Newcastle manager Eddie Howe admits success will take “a lot longer” to achieve for his club after a frustrating transfer window.
When Amanda Staveley helped complete the Saudi-backed takeover of Newcastle in 2021, she boldly claimed the Magpies could win the Premier league within a five to 10-year period.
But Newcastle’s progress has stalled since they qualified for the Champions League at the end of the 2022-23 season.
Staveley sold her minority shareholding in Newcastle during the close season and, while the Saudi wealth remains, Howe has found it difficult to splash the cash of late.
Efforts to strengthen his squad have been hampered by the Premier League’s profitability and sustainability rules, with Crystal Palace’s England defender Marc Guehi remaining beyond their grasp as the transfer window prepared to shut on Friday evening.
Asked on Friday if the club’s fans had been sold a false dream of future success, Howe said: “I don’t think the dream dies, necessarily, but I think it takes a lot longer.
“We’ve got to build our revenue streams, that is the biggest thing. We’ve got to bring more money into the football club however we do that, through player sales, through sponsorship, through loads of various things.
“That’s the big thing that we need to focus on now for the next, probably, 10 years.
“Whether I’m lucky enough to see any of that, who knows? But the dream is not over, it’s just going to take a lot, lot longer.”
Newcastle’s owners have invested more than £400 million ($526 million) in the squad since their arrival on Tyneside, but have made just one major signing — Italy midfielder Sandro Tonali — in the last three windows.

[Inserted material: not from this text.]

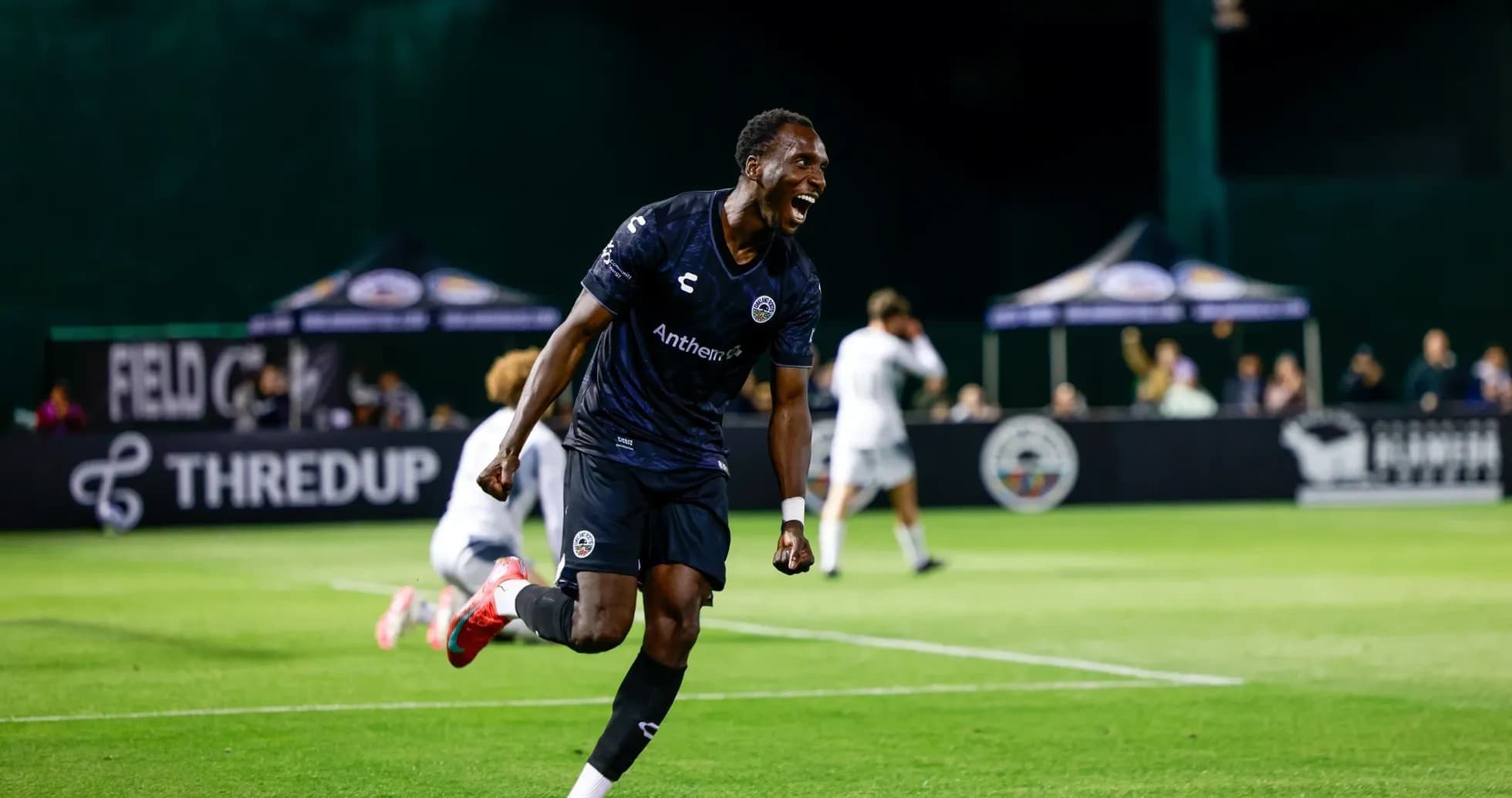 Player celebrating after scoring a goal in match Player celebrating after scoring a goal in match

Howe also had to sell Elliot Anderson and Yankuba Minteh in a bid to comply with PSR limits amid speculation over the futures of key players Bruno Guimaraes, Alexander Isak and Anthony Gordon.

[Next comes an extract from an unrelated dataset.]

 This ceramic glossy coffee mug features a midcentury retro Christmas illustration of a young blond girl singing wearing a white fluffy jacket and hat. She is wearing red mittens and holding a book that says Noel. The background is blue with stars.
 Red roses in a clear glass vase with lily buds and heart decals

Last season’s seventh-place finish in the Premier League and exit from the Champions League group stage has increased the pressure on Howe to deliver this term.
He conceded Newcastle’s transfer travails have hardly helped his cause.

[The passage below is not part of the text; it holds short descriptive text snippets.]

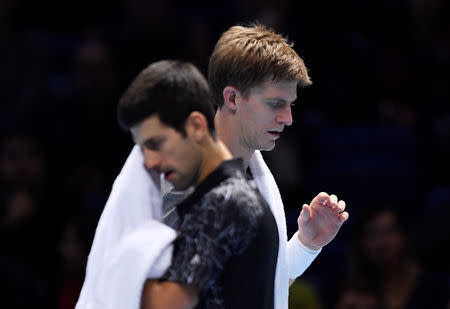 Tennis - ATP Finals - The O2, London, Britain - November 17, 2018 Serbia's Novak Djokovic and South Africa's Kevin Anderson during their semi final match Action Images via Reuters/Tony O'Brien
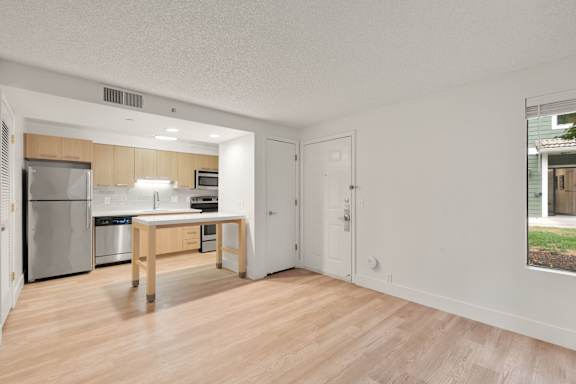 Living room with attached kitchen and window at AVIA Lofts on Parkway, Vancouver, WA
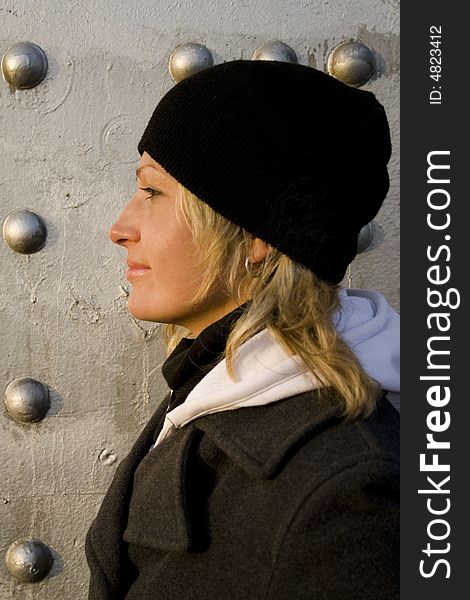 Portrait of the blonde in a cap on a background of a silvery wall. Portrait of the blonde in a cap on a background of a silvery wall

“I’m not going to sit here and say it’s been a brilliant transfer window for us. I think everyone will look at me and think, ‘I’m not sure he’s telling the truth there’. I do try as far as I can to tell the truth,” he said.
“But it’s not been through the want of trying from anybody’s perspective and I think for me to sit here and say that would be totally wrong as well. Everyone has tried really, really hard to improve the squad to make sure we’ve got a chance of success.”